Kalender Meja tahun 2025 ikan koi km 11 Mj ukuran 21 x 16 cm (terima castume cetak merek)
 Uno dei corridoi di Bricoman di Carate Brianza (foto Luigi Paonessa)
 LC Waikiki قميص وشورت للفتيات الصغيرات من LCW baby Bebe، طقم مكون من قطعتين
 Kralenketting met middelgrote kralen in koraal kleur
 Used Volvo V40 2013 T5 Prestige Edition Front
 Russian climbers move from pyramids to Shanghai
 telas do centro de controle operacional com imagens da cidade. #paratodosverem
******************************
**ACTION ITEM**. From the line containing "Used Volvo V40" to the last line of the data above, copy each line exactly and add nothing.

**WRITTEN REPLY**.
 Used Volvo V40 2013 T5 Prestige Edition Front
 Russian climbers move from pyramids to Shanghai
 telas do centro de controle operacional com imagens da cidade. #paratodosverem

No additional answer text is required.